Thursday, February 21, 2008

The value of human life without "souls"


One of the hardest things for people to accept in a godless universe is the realization that we, humans, are made up of the same ‘stuff’ as everything else. When I talk to people that are scared of a godless universe, more often than not the core of that fear is not the absence of god itself, but the absence of souls.

I have often heard people claim that atheists don’t care about human life. The arguments go from “If there is no purpose to our lives, there is no value to our lives” to “If you are an atheist then you must believe that walking into a bus and opening fire is no different from shooting empty aluminum cans.”

Of course, these arguments are absurd, and people who are accused of such views quickly dismiss them as absurd. But precisely because it’s so absurd, I haven’t heard too many people really explain why human life is still valuable without a god. So I would like to briefly show that you can be an atheist without necessarily being a nihilist.

If you gave me a pile of plastic, metal, some wire and rubber, I would probably throw that heap of junk in the trash. But when those pieces are organized in a way that makes a computer, all of a sudden I have a valuable tool that allows me to communicate with you, play solitaire, or watch endless amounts of porn. The internet is not a physical thing; it is the result of a lot of physical elements arranged in the right way to create a worldwide communication device. I don’t really know how it all works, and I don’t care, because I don’t have to understand how it works to use it.

We are the same type of sum of the parts. No single part of a computer can be called a computer. Similarly, there is no single atom or cell that holds consciousness. But a particular collection and arrangement of atoms brings consciousness into existence. So is an atom that is part of me any more valuable than an atom that is part of a snowflake? No. Even if you chopped off my hand, I would not be sad for the physical hand that will decompose without the rest of my body. I would be sad because of the pain it causes me, both physically and psychologically. The physical aspect of a human body is not what we value. What we value is consciousness, which some people call the soul. What we have learned from neurology is that this consciousness is a result of a completely physical process. The mistake that some people make is to then claim that consciousness is purely physical, and thus unimportant. But consciousness itself does not exist as a physical thing. Consciousness is what is created in the non-physical world when certain physical elements are perfectly aligned.

This is what makes human beings special.
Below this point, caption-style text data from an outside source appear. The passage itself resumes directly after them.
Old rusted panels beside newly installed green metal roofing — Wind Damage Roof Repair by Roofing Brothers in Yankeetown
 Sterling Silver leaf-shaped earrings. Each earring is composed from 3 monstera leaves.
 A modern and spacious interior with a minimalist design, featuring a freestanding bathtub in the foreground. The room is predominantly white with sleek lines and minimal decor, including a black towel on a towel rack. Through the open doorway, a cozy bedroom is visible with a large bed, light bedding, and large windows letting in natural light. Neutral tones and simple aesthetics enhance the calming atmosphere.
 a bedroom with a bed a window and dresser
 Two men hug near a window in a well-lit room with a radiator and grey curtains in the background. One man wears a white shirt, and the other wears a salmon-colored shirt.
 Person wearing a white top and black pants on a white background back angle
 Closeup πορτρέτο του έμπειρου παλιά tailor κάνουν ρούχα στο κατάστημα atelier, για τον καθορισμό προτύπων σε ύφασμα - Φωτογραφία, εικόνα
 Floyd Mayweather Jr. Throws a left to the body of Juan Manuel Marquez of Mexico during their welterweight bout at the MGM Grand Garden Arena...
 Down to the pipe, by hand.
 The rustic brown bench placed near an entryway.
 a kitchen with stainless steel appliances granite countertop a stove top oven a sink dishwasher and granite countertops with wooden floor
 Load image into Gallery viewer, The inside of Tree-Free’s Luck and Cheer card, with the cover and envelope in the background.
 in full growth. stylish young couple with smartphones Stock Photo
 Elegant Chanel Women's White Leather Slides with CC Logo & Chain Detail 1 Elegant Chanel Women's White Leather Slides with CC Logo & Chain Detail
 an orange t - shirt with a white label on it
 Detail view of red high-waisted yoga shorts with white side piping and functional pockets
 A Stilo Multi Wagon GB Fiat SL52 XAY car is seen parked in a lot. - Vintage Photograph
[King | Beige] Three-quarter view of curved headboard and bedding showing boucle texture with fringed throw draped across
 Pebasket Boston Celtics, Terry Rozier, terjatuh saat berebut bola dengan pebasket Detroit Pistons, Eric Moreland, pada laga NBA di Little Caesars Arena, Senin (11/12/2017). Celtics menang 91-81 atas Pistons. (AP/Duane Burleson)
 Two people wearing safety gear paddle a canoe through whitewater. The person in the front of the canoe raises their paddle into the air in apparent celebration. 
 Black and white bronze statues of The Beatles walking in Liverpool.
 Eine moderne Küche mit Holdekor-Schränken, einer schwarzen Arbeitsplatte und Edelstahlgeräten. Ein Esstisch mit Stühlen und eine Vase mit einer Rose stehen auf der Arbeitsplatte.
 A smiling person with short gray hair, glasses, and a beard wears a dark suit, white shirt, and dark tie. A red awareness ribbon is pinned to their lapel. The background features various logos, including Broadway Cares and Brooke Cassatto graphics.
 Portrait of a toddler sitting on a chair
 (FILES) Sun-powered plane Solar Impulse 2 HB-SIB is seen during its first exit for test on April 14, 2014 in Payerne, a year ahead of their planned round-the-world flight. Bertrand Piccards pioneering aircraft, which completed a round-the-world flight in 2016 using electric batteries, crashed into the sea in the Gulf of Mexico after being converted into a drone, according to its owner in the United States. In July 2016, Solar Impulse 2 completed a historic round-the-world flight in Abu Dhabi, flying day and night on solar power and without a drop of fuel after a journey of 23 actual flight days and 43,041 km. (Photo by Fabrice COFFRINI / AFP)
It’s not one physical aspect of humans, but the sum of the parts that creates consciousness. And consciousness is not the only non-physical phenomenon that should be valued. On the level of single atoms, no one is any more important than another, true. But this does not mean that everything is meaningless.

There is no objective way to define ‘good’ and ‘bad,’ but I don’t think anyone would disagree about the inherent value of certain feelings and interactions. Love is good. Hate is bad. Human connections, cooperation, justice, knowledge, understanding…all of these things are inherently and inarguably good things. Like consciousness, none of these things physically exist, but are instead a sum of the parts.As an atheist, these are the things I fight for. I don’t find value in physical things, but in the non-physical things that physical things can create. My goal is to increase the amount of these things in the universe. So I seek to increase these things in my own life, but also in other people’s lives. My physical being is valuable only in its ability to create these inherently good, non-physical occurrences.

2 comments:

David B. Ellis said...

Good post. I've always explained my views on why the claim that there can be no basis for morality if there is no God in a similar way:

If there is no reason to be loving and kind if there is no God then you are saying that love and kindness have no intrinsic value in and of themselves.

This seems to me to be too obviously false to be worth debating. I value love because of what it is like to love, what it is like to be a loving individual and what it is like to be part of a community of loving individuals.

Love needs no external sanction, divine or otherwise.

Anonymous said...

I find myself having to explain to people that just because I don't believe in God doesn't mean I don't value life. So I read your post with great enthusiasm--it is indeed an excellent response to the question of how we might value human life if we don't believe in a soul.